Note that the protocol requires that waiting be multi-writer, but it's OK for the present bits to be single-writer. We write lines 4–5 as two separate lines because they include two separate read operations. Lines 1, 6, 8, and 10 are pretty much irrelevant to the code, but we'll leave them in to make it clear which of the four states we are cycling through.

4.1.1. Why this works

Intuitively, let's consider all the different ways that the entry code of the two processes could interact. There are basically two things that each process does: it sets its own present in line 2 and grabs the waiting variable in line 3. Here's a typical case where one process gets in first:

  1. present[0] ← 1
  2. waiting ← 0
  3. process 0 reads present[1] = 0 and enters critical section
  4. present[1] ← 1
  5. waiting ← 1
  6. process 1 reads present[0] = 1 and waiting = 1 and loops
  7. present[0] ← 0
  8. process 1 reads present[0] = 0 and enters critical section

The idea is that if I see a 0 in your present, I know that you aren't playing, and can just go in.

Here's a more interleaved execution where the waiting variable decides the winner:

  1. present[0] ← 1
  2. waiting ← 0
  3. present[1] ← 1
  4. waiting ← 1
  5. process 0 reads present[1] = 1
  6. process 1 reads present[0] = 1
  7. process 0 reads waiting = 1 and enters critical section
  8. process 1 reads present[0] = 1 and waiting = 1 and loops
  9. present[0] ← 0
  10. process 1 reads present[0] = 0 and enters critical section

Note that it's the process that set the waiting variable last (and thus sees its own value) that stalls. This is necessary because the earlier process might long since have entered the critical section.

Sadly, examples are not proofs, so to show that this works in general, we need to formally verify each of mutual exclusion and lockout-freedom. Mutual exclusion is a safety property (see IOAutomata) so we expect to prove it using invariants. LynchBook gives a proof based on translating the pseudocode directly into automata (including explicit program counter variables); we'll do essentially the same proof but without doing the full translation to automata. Below, we write that pi is at line k if it the operation in line k is enabled but has not occurred yet.

Invariant 1
  • If present[i] = 0 then pi is at line 0, 1, or 2.

  • Immediate from the code.
Invariant 2
  • If pi is at line 6, 7, or 8 and p¬i is at line 4, 5, 6, 7, or 8, then waiting = ¬i.

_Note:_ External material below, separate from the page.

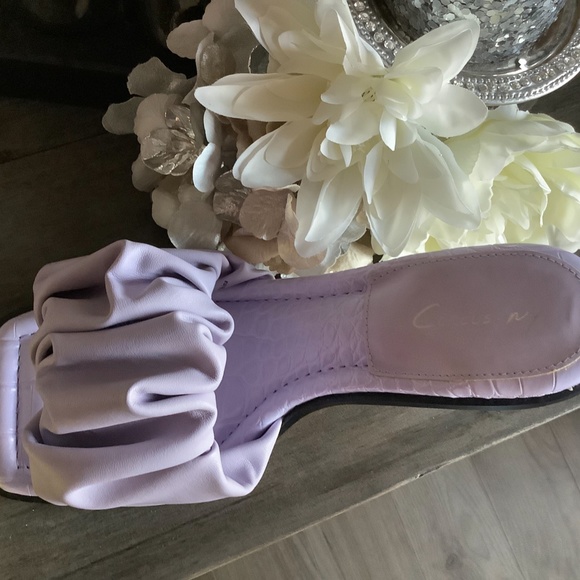 Sam Edelman Sandals - Picture 2 of 7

  • Let's assume without loss of generality that i = 0. The proof is by induction on the schedule. We need to check that any event that makes the LHS of the invariant true or the RHS false also makes the whole invariant true. The relevent events are:
  • Transitions by p0 from line 4 to line 6; these occur only if present[1] = 0 implying p1 is at line 0, 1, or 2 by Invariant 1, so the LHS is false.

  • Transitions by p0 from line 5 to line 6; these occur only if waiting ≠ 0, so the RHS is true.

  • Transitions by p1 from line 3 to line 4: these set waiting = 1, making the RHS true.

  • Transitions that set waiting = 0. These are transitions by p0 from line 3 to line 4, making the LHS false.

We can now read mutual exclusion directly off of Invariant 2: if both p0 and p1 are at line 7 or 8, then we get waiting = 1 and waiting = 0, a contradiction.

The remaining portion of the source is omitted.